▶ [Exercise description] Exact wording is needed for every line from the one holding "東京喰種トーキョーグール_アクリルブロック　E" to the end of the records below; write those lines out and omit the pictures.

====== Dataset content

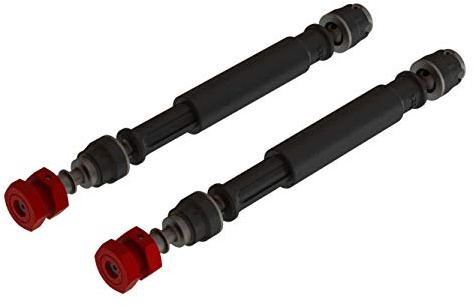 CVD Schieber-Set: KRATON OUTCAST 4x4 BLX 4S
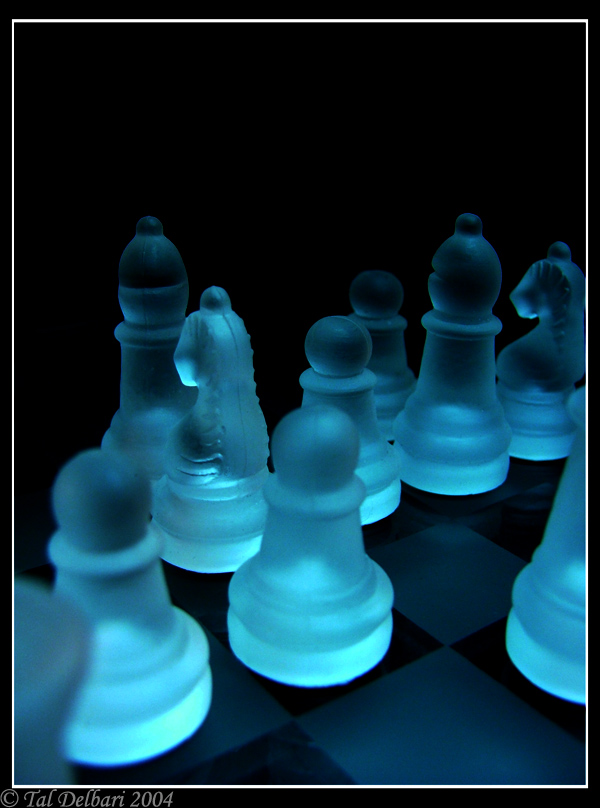 Dark chess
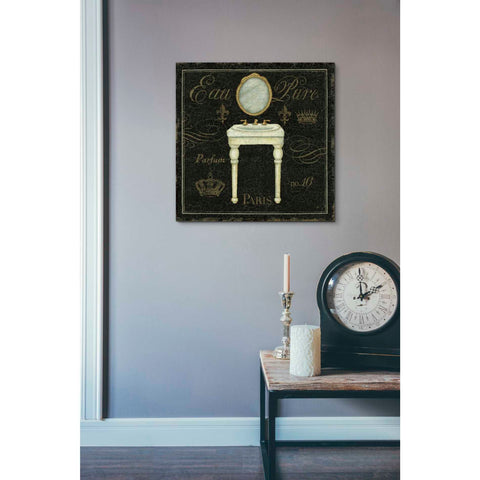 Image of 'Bain de Luxe IV' by Daphne Brissonet, Canvas Wall Art,26 x 26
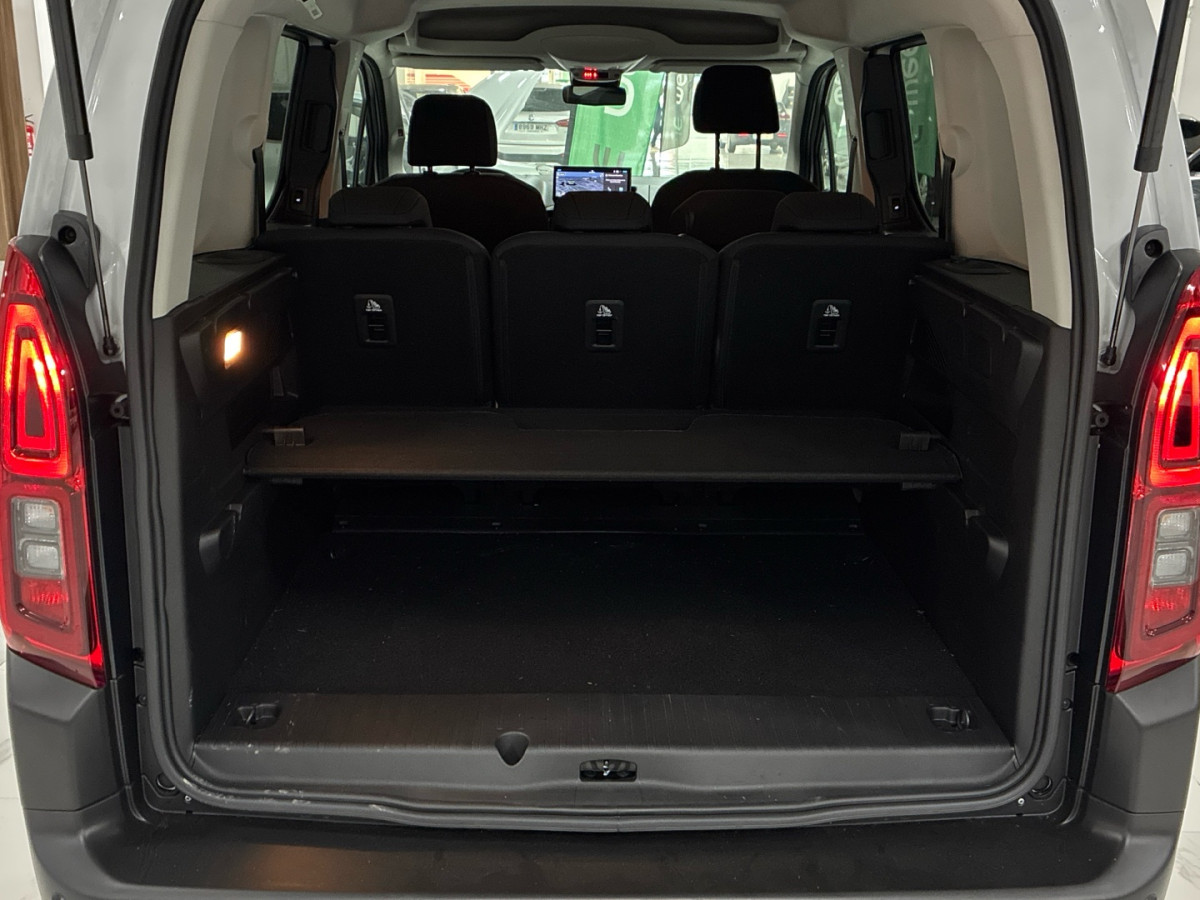 CITROËN BERLINGO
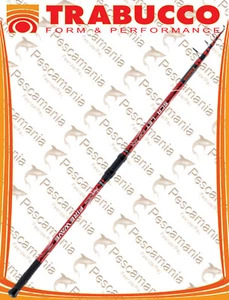 Canna Surfcasting Trabucco SCARLET FIRE WAVE mt 4.20 gr 150 - Imagen 1 de 4
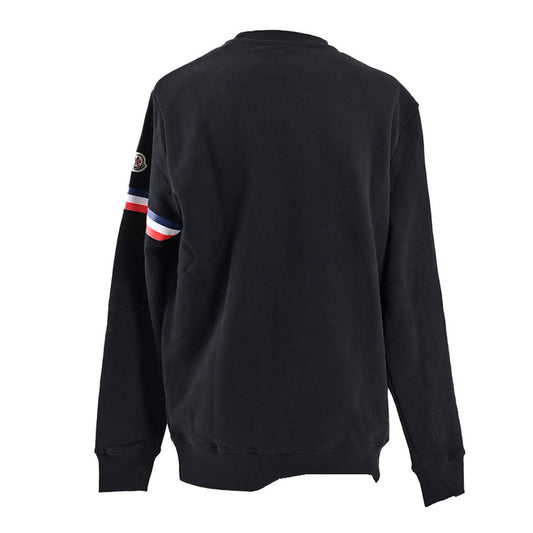 MONCLER Sweatshirt 091 8G00005 899WC 999 Black Men's 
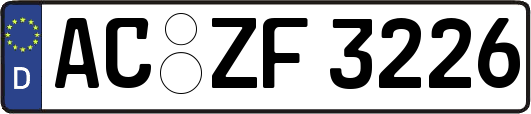 AC-ZF3226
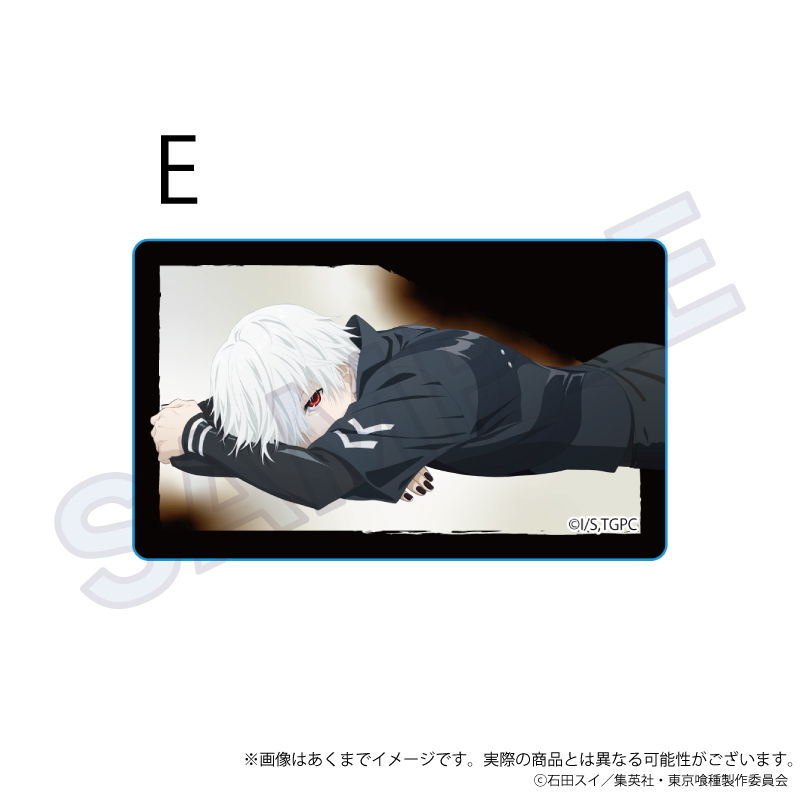 東京喰種トーキョーグール_アクリルブロック　E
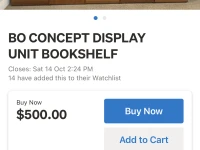 Bookcase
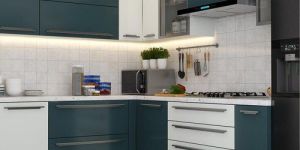 Designer Kitchen Cabinet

============

▶ [Response to the task]
 東京喰種トーキョーグール_アクリルブロック　E
 Bookcase
 Designer Kitchen Cabinet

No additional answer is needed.